The consensus statement, developed by an American Society of Clinical Psychopharmacology (ASCP) international task force of 45 psychopharmacology experts, identifies clinical scenarios in which deprescribing warrants consideration, organized into three categories: inadequate efficacy, associated harm, and misuse.
It was published online May 20 in European Neuropsychopharmacology.
The recommendations are reinforced by a separate study, published online May 15 in Lancet Psychiatry, that mapped dose-response curves across all major ADHD medications for the first time. It identified dose thresholds beyond which higher doses offered little additional relief of symptoms but increased the risk of side effects.
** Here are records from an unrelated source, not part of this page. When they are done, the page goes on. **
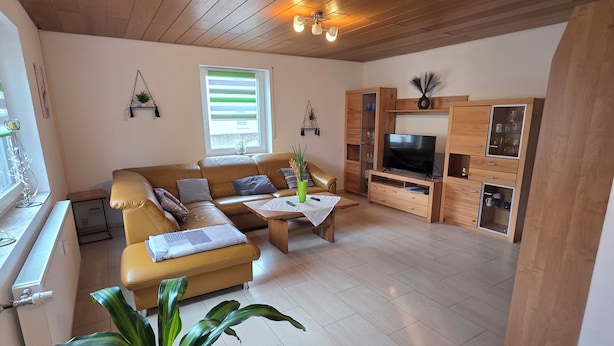 Een ruime woonkamer met een houten plafond, een gele bank, een salontafel en een tv-meubel.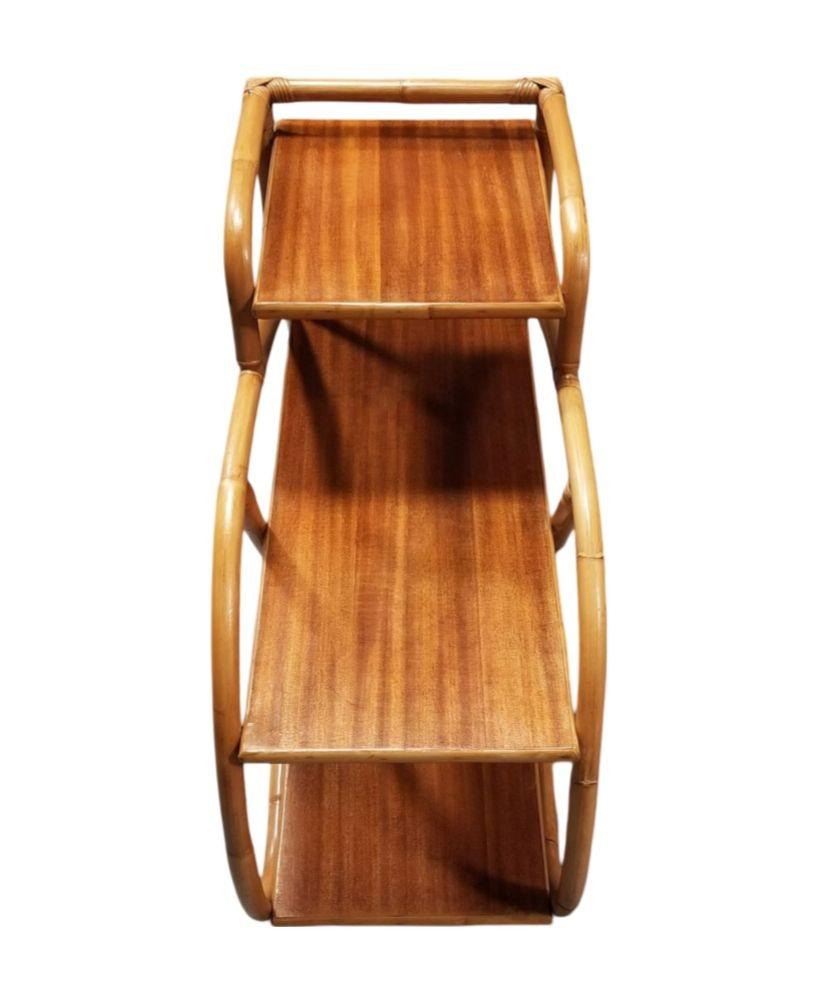 This beautifully restored Paul Frankl-inspired rattan side table features 3-tier table tops with 1 strand 3/4 pretzel rattan sides and red stained mahogany table tops. This Frankl style side table is a perfect fit alongside your bed or sofa. Both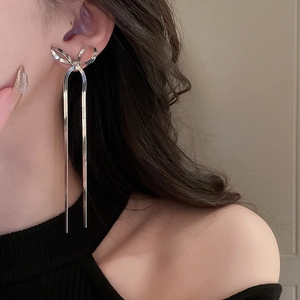 Detailed view of silver bow-shaped stud earrings with long metal snake chain tassels
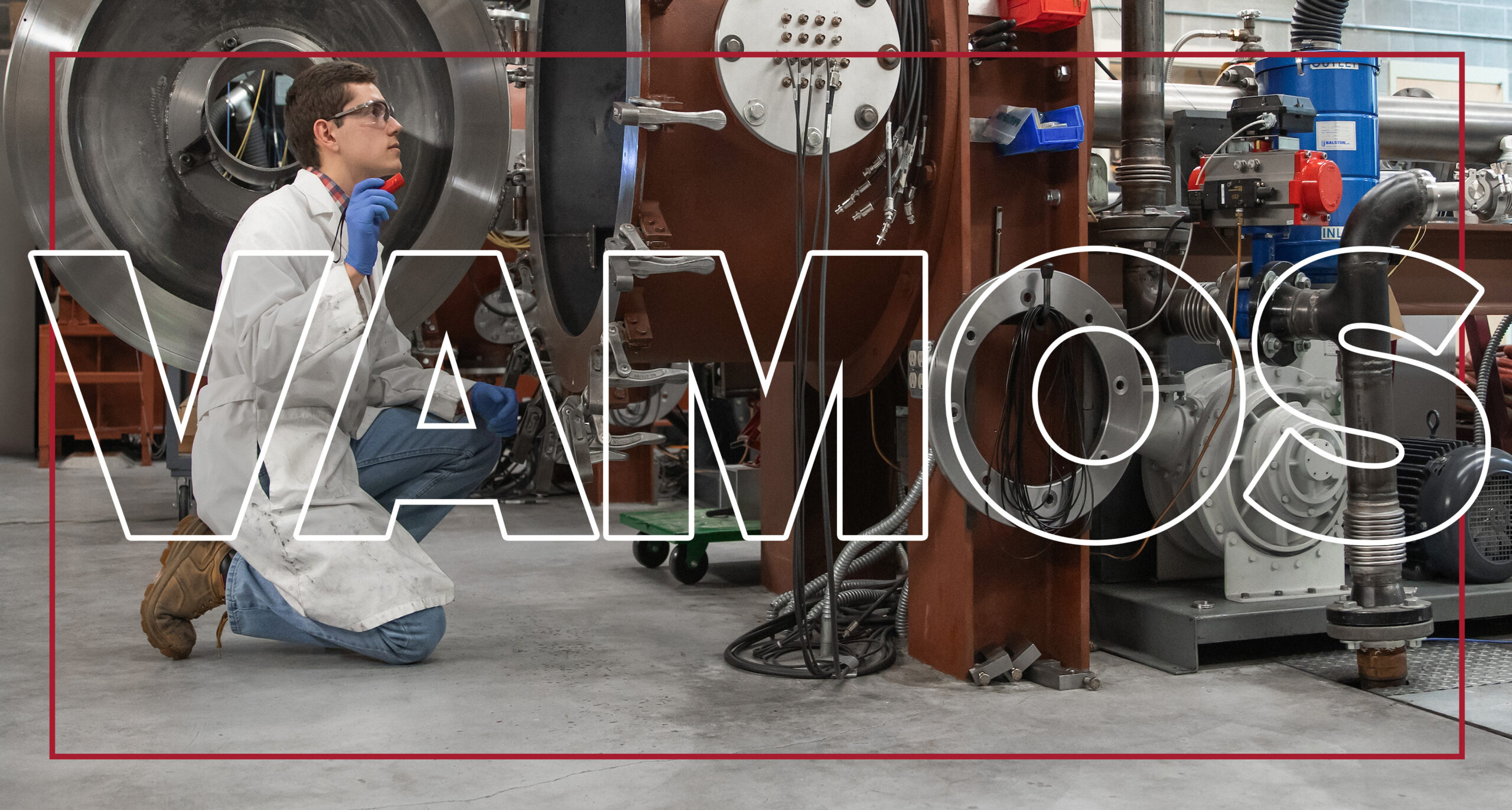 Texto grande “Vamos” superpuesto a una persona con gafas de seguridad, una bata de trabajo blanca y botas de trabajo marrones, arrodillada para mirar dentro de un gran dispositivo mecánico Abierto.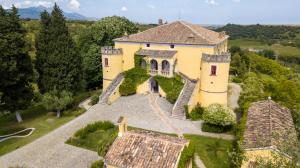 an aerial view of a large yellow house at Castello di Serragiumenta in Firmo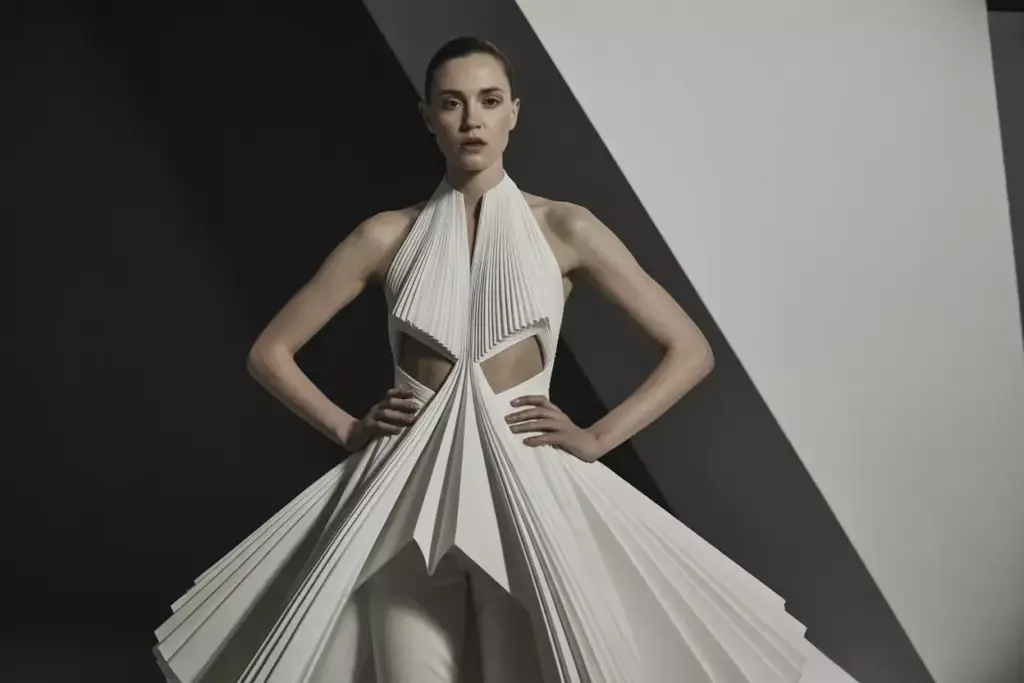 The high fashion halter with architectural pleating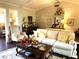 Spacious living room offers lots of seating, neutral colors and wood floors at 4040 Summit Dr, Marietta, GA 30068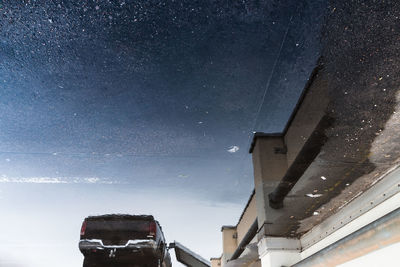 Cars on street against sky at night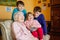 Great-grandmother with three children, siblings. Family of four, two boys and little toddler girl. Happy senior old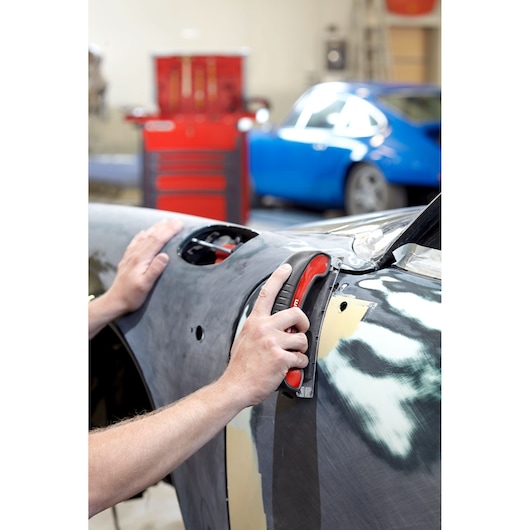 Facom CR_SBS sanding block used on car bodywork in workshop, close-up photography.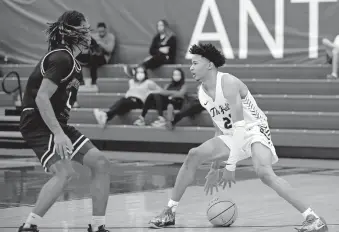  ?? PHIPPS/ THE OKLAHOMAN] [SARAH ?? Heritage Hall's Trey Alexander looks to get by Midwest City's Makale Smith during a game Jan. 22.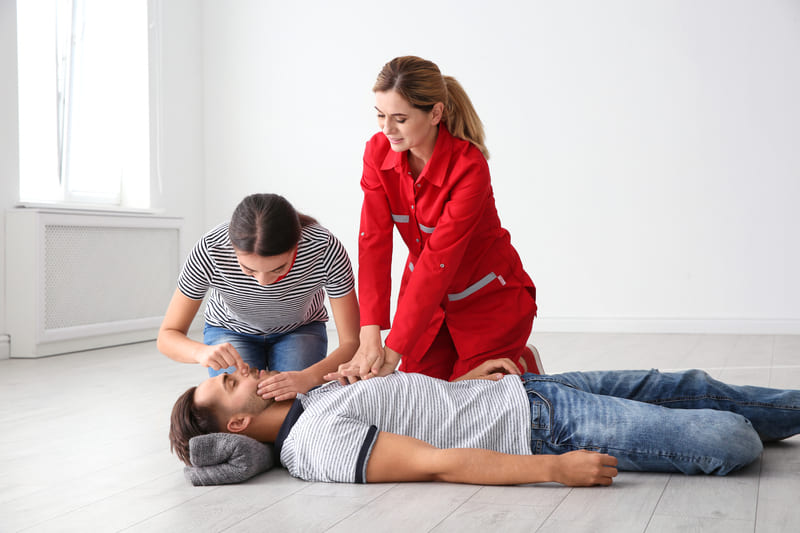 first-aid-course-woman-about-to-begin-mouth-to-mouth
Together, the two publications address both sides of the dosing equation: where to stop going up, and when to come back down, said David W. Goodman, MD, assistant professor of psychiatry at the Johns Hopkins University School of Medicine, Baltimore, and co-lead investigator on ASCP guidance.
"As mental health and psychiatric treatment move towards non-psychiatrists in order to provide access to a greater number of people, we needed to provide some overall guidance," he told Medscape Medical News.
"Taken together, the dose-effect study demonstrates the range of dose efficacy and tolerability in ADHD, while the ASCP deprescribing stimulant expert consensus for adult ADHD prompts prescribers to regularly evaluate whether the medication remains effective and tolerable for the patient, and if not, consider deprescribing and re-evaluating alternatives," added Goodman, who was not involved in the dose-effect review.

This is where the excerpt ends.